Exercise directions: Copy each line below that has "Holder".

(Data excerpts)

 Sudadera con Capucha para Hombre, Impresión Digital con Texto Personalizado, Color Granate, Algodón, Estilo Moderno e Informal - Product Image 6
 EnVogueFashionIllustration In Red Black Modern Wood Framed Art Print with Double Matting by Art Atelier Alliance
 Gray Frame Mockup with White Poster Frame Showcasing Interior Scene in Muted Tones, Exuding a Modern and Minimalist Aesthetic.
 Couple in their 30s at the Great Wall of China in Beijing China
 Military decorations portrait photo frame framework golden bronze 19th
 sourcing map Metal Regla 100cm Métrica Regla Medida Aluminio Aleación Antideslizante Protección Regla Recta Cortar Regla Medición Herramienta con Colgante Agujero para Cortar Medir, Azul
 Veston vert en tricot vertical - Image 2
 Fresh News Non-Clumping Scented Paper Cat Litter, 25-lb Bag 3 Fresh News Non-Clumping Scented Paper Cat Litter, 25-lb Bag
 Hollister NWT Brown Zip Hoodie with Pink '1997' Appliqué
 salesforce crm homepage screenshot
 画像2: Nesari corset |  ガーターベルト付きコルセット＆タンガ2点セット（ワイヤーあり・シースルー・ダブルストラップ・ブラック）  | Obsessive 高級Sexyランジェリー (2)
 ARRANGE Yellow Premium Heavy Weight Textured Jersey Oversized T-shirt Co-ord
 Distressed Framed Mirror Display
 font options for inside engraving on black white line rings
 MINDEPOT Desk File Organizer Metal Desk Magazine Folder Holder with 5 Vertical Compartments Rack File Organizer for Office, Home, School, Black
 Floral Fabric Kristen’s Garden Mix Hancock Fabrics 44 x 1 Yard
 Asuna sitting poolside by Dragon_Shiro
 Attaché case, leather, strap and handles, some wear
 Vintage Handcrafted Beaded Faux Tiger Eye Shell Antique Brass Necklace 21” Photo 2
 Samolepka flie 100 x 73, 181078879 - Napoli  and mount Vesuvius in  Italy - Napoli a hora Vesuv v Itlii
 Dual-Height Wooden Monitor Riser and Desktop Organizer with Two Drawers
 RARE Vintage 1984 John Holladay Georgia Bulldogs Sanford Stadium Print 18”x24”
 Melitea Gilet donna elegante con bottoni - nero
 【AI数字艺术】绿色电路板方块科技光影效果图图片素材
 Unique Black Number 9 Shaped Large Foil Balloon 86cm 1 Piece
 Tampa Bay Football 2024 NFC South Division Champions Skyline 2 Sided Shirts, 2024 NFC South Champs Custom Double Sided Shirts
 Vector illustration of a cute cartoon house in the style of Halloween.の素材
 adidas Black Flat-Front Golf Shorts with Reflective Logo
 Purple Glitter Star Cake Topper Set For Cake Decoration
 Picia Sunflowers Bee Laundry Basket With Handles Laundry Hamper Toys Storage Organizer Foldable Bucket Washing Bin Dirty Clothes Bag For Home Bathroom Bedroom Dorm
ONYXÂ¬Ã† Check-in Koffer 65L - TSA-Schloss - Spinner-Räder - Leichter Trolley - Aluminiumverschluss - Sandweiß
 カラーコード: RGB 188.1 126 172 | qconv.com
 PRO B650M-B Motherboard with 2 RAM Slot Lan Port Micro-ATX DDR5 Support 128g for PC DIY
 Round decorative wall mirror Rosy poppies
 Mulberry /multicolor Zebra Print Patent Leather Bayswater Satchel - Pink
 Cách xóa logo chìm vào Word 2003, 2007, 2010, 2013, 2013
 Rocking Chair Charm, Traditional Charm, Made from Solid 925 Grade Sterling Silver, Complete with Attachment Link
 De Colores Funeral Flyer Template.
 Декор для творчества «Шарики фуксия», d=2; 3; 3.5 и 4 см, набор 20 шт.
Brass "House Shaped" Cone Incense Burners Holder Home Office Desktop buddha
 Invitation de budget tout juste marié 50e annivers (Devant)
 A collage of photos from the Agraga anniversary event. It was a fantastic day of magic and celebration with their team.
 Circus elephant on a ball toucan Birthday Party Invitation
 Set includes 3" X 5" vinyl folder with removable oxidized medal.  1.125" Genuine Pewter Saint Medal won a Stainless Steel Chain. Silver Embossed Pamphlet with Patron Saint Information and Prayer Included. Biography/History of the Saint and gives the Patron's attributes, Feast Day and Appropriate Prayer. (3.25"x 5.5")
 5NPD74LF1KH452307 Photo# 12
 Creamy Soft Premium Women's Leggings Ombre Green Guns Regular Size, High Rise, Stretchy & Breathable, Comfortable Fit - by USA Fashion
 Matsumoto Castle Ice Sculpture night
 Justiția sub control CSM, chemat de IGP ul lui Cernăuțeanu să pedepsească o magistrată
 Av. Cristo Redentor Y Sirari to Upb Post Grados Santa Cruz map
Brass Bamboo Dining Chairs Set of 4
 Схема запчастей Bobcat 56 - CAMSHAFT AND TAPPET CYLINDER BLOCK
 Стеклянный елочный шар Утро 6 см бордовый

Result of the task:
 MINDEPOT Desk File Organizer Metal Desk Magazine Folder Holder with 5 Vertical Compartments Rack File Organizer for Office, Home, School, Black
Brass "House Shaped" Cone Incense Burners Holder Home Office Desktop buddha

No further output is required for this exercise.